Dan kemudian dibuatlah tiga Surat perintah tanggal 11 maret, 1 Asli dan 2 palsu.

Sedangkan isi Supersemar yang diubah/dipalsukan, diserahkan kepada Letnan Kolonel Soeharto.

Sementara Letkol Soeharto tidak mengetahui tentang pemalsuan Supersemar tersebut dan menjalankan Supersemar dengan baik dan baru mengetahuinya sekitar tahun 1980-an.

Namun sudah terlambat saat sejarah telah terlanjur dituliskan.

Berlanjut kemudian Pada tahun 1963

Saat ditandatanganinya perjanjian Green Hilton Agreement, yang berisi tentang kesepakatan pengembalian 57.147 ton emas kepada Bangsa Indonesia ( pemilik sah ) melalui pemerintah Republik Indonesia.

Dan di Tahun 1967

Presiden Soekarno akhirnya lengser dan jabatan tertinggi kepemimpinan Negara Kesatuan Republik Indonesia, kemudian dilimpahkan kepada Soeharto sebagai penggantinya.

7 ORANG PEMEGANG SURAT AMANAH

Sekitar tahun 1995, tujuh orang pemegang Surat Amanah dari Soekarno, menghadap Soeharto agar Pemerintah dapat menggunakan Dana Coletral tersebut untuk pembangunan Indonesia.

Tetapi;
Dana Coletral yang ada di Bank Dunia, tidak dapat dicairkan, namun dapat digunakan sebagai jaminan cetak uang.

Dan Soeharto mengajukan ijin utk pencetakan uang Rupiah atas jaminan Dana Coletral tersebut.

Dilakukannya Sidang Moneter Internasional, dengan salah satu agenda untuk membahas rencana pencetakan uang Rupiah oleh pemerintah RI.

Sepuluh negara menolak untuk memberikan ijin (termasuk AS dan sekutunya), dengan sisanya mengijinkan.

Berdasar voting, maka pemerintah RI diijinkan untuk mencetak uang sebesar Rp. 20.000 triliun ( dua puluh ribu triliun rupiah) dengan jaminan lima Coleteral, yangmana; Salah satu Coleteral tersebut adalah milik Kasultanan Cirebon senilai Rp. 13.000 triliun ( tiga belas ribu triliun rupiah).

Namun demikian

AS tidak memberikan ijin, karena khawatir Soeharto akan membangkitkan DUNIA ISLAM.

Karena di tahun 1987 sebelumnya.

Yayasan Amal Bakti Muslim Pancasila sudah mulai merintis dan menggalakkan bantuan untuk pembangunan masjid di seluruh Indonesia.

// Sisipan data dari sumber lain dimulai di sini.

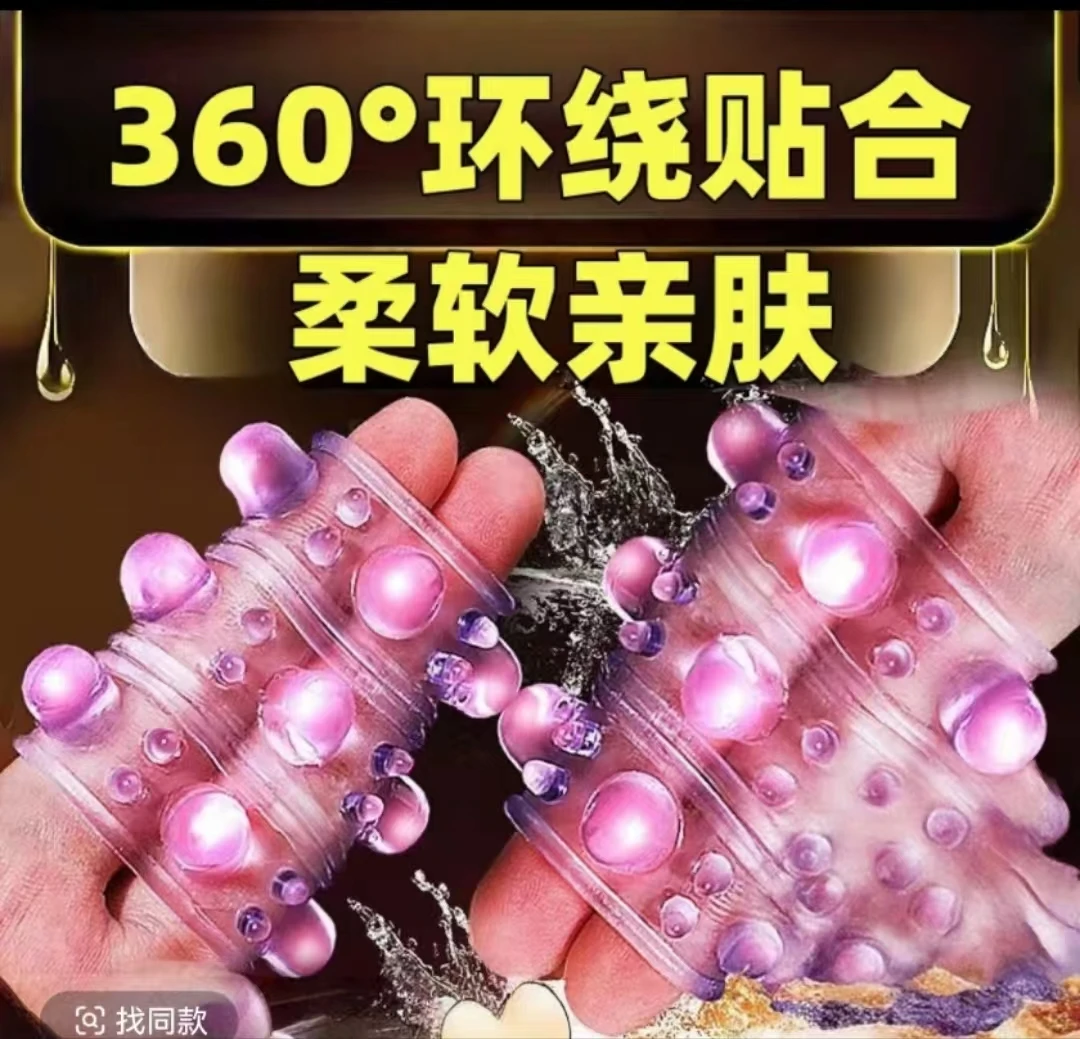 手部防护工具硅胶指套360度环绕贴合大颗粒；12珠可重复使用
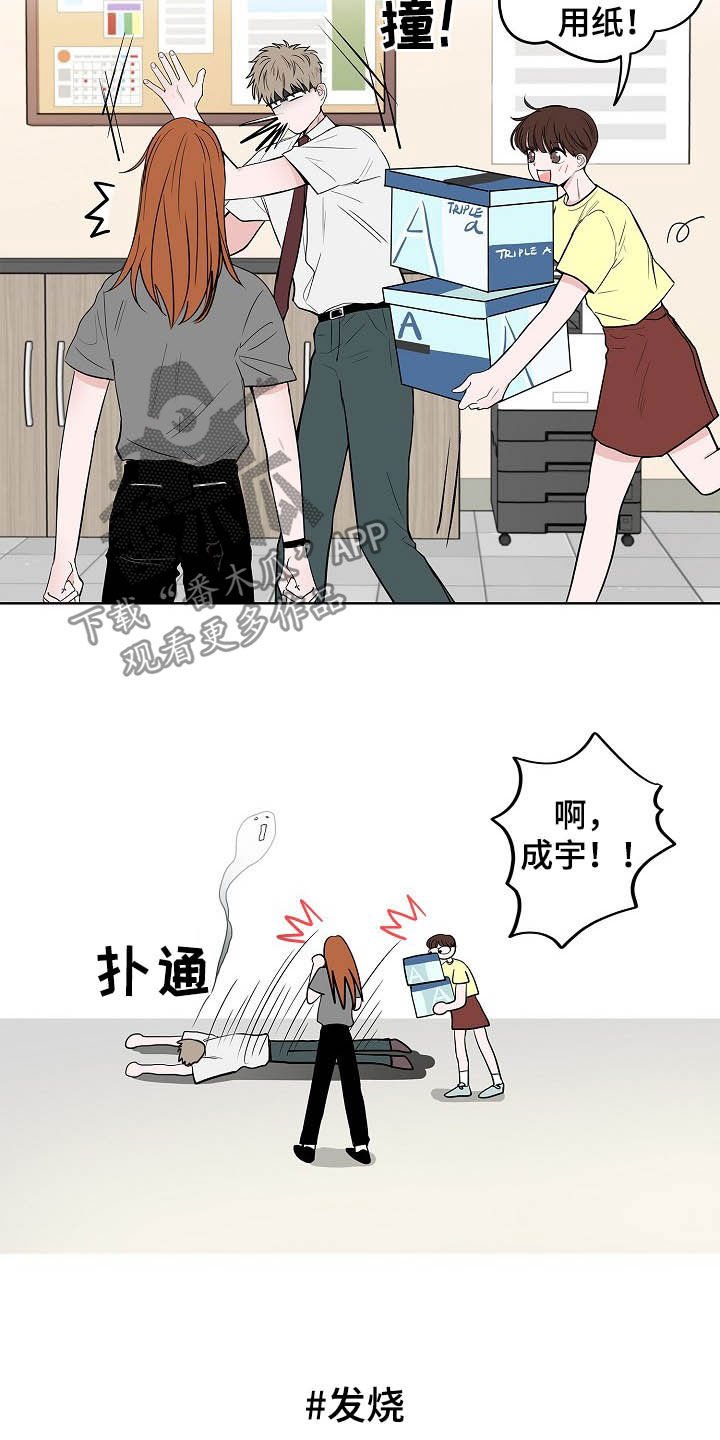 第19章：生病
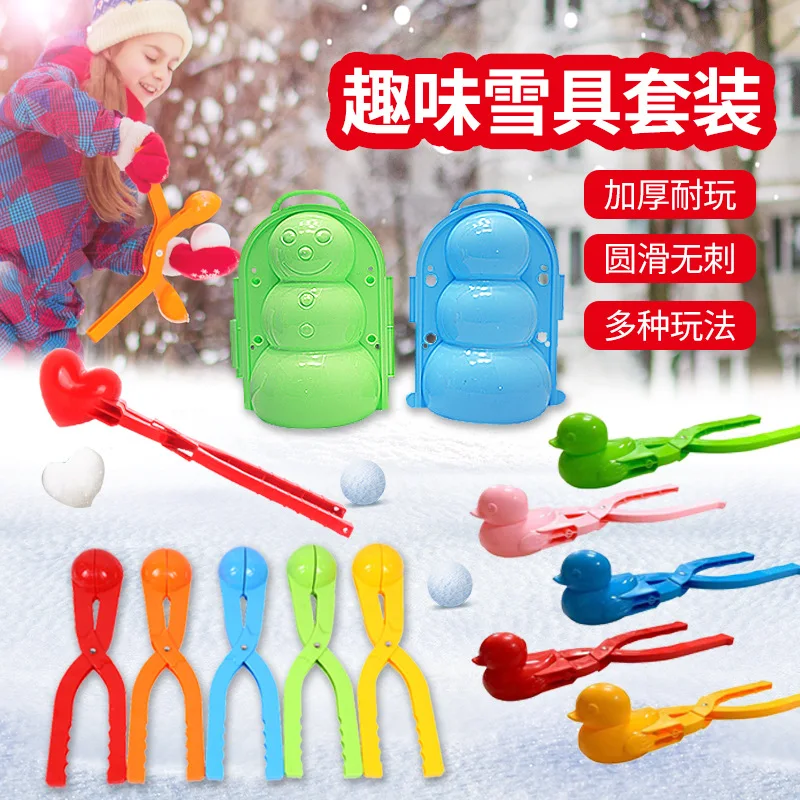 

A variety of snow toys can be selected to play with outdoor snow ball clips in winter. Children can play with snow toys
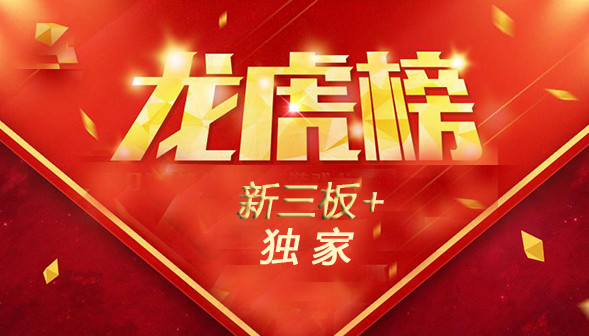 新三板龙虎榜排名在哪里看的,新三板交易用什么app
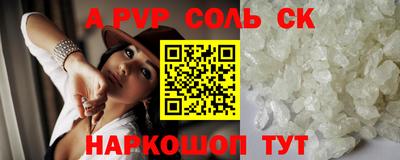 бутират Усть-Джегута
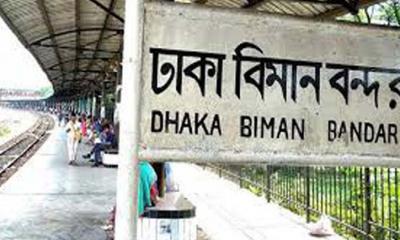 রাজধানীতে ট্রেনের ধাক্কায় একজন নিহত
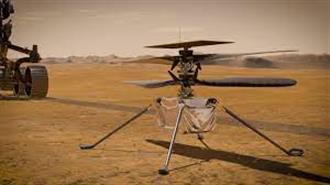 NASA: Προσωρινό Παρκάρισμα για το Ingenuity στον Άρη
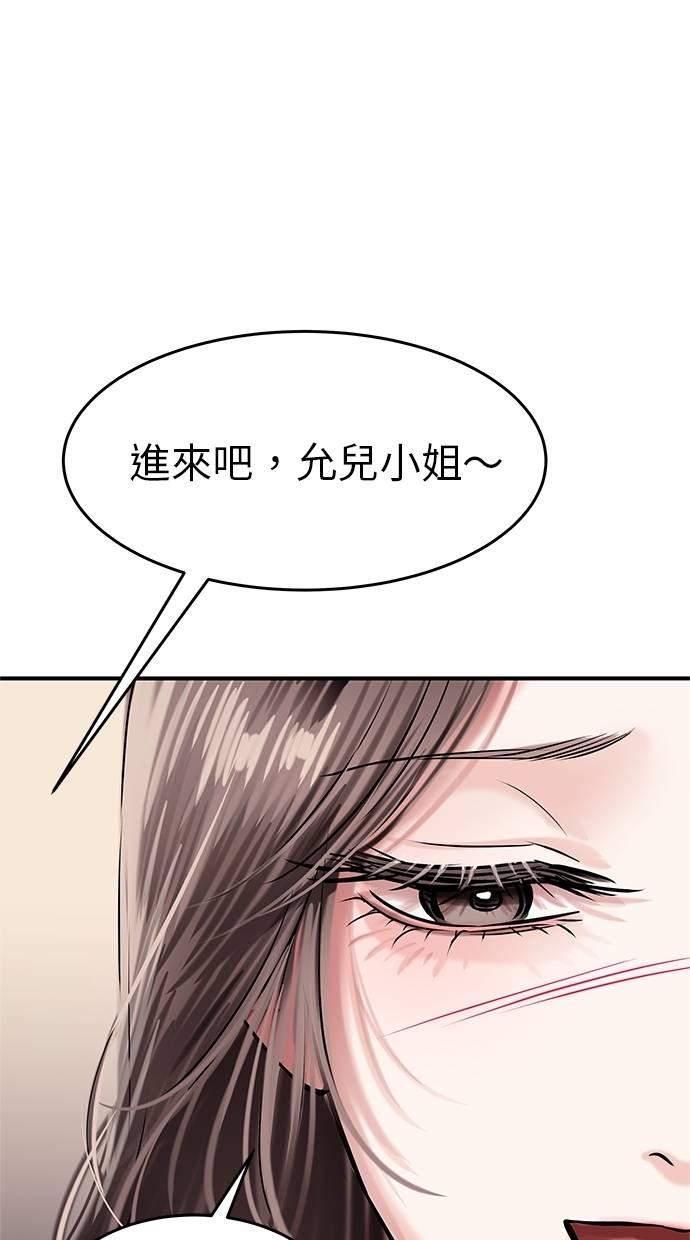 只想被你支配 第6话 第90页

Terlebih setelah Siti Hardijanti Hastuti Indra Rukmana / Tutut Soeharto, Puteri tertua Soeharto sekaligus Presiden Republik Indonesia ke-II, sudah mulai memakai kerudung dan dianggap sebagai simbol kebangkitan dunia Islam.

Disusul Amerika Serikat yang kemudian

Mencetak uang yang dilakukan di Jerman dan Israel ( dengan pemenang tendernya oleh Australia).

Disisi lain AS dan sekutunya mulai melakukan konspirasi untuk merusak stabilitas Ekonomi Internasional melalui Bank Dunia sebagai pijakannya.

Dan pada Maret 1997

Secara bertahap IDR (Indonesia Rupiah) sudah mulai masuk ke Indonesia serta masih berstatus atas nama Amanah yang ditempatkan di luar gudang Bank Indonesia.

Baru sekitar 9% IDR tersebut yang diregristasi oleh Bank Indonesia, terjadilah Krisis Moneter, karena George Soros melakukan transaksi Pembelian Rupiah secara besar-besaran yang dibayar dengan US Dollar.

Sementara IDR dicetak dalam cetakan uang plastik pecahan Rp.100.000 ( Seratus Ribu Rupiah), dengan tahun cetakan 1997.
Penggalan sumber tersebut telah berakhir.